Authors: Jeff Abbott
His breathing grew harsh. ‘You’re goddamned leaping to conclusions. No reason to think that note’s a fake. Boy might have
just gone partying in Corpus. You’re making all kinds of unsubstantiated claims, bothering Lucinda. I won’t have it, I won’t
have it from an officer of mine.’
She started to speak again. ‘Delford …’
‘Shut up. You’re fired, Claudia.’
Whit and Gooch barreled on deep into Friday night, north, heading for Missatuck, Texas. They had left Gooch’s car parked in
a brightly lit trucker’s stop on the outskirts of Beaumont. The easternmost slice of Texas unfolded ahead of their headlights,
an endless ribbon of road bordered by tall loblolly pines. The weather cleared, the cool night the luxuriant reward for a
too-long, sweltering summer. Whit drove, and Gooch sat in the front seat, reading a battered Mickey Spillane paperback by
penlight.
‘I can’t read in a car, it makes me sick,’ Whit said.

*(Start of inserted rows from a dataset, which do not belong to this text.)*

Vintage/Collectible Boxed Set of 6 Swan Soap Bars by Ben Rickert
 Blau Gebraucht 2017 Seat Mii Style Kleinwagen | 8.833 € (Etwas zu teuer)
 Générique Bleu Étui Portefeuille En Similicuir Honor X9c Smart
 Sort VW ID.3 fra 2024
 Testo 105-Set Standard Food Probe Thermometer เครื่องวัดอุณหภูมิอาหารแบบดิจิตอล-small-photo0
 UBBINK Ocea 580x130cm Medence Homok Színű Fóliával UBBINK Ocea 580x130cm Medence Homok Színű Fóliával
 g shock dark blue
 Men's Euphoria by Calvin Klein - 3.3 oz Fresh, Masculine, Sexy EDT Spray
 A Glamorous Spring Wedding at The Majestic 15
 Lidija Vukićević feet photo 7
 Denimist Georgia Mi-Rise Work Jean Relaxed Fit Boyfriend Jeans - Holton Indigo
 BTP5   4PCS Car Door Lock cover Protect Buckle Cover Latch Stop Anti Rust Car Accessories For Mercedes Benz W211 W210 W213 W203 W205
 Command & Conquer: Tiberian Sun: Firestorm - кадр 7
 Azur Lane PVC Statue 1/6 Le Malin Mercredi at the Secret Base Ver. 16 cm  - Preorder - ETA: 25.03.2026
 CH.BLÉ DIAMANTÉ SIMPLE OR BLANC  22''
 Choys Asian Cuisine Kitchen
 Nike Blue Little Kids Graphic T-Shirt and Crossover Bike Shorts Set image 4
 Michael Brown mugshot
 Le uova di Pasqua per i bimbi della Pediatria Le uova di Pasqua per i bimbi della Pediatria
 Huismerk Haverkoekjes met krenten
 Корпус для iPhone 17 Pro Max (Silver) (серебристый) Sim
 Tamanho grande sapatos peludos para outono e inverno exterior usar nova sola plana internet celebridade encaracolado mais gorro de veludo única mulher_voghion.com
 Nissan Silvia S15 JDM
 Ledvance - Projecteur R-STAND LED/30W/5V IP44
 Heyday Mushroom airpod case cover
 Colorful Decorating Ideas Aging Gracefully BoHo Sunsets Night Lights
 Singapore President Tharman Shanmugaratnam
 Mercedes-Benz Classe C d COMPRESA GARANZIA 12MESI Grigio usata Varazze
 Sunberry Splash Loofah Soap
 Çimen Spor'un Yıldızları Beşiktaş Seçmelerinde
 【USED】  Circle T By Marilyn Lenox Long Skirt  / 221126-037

There had been little conversation between them since leaving Beaumont,
although Whit’s mind was full of questions over Gooch’s ability to make felons disappear.
‘I’m highlighting the appropriate tough guy phrases for you so you know what to say the next time you encounter an Anson type.
You’re a little too Larry McMurtry for that crowd.’ Gooch glanced. ‘Although you acquitted yourself well against that slab
of a kid.’
‘I feel like I broke every finger in my hands on his face.’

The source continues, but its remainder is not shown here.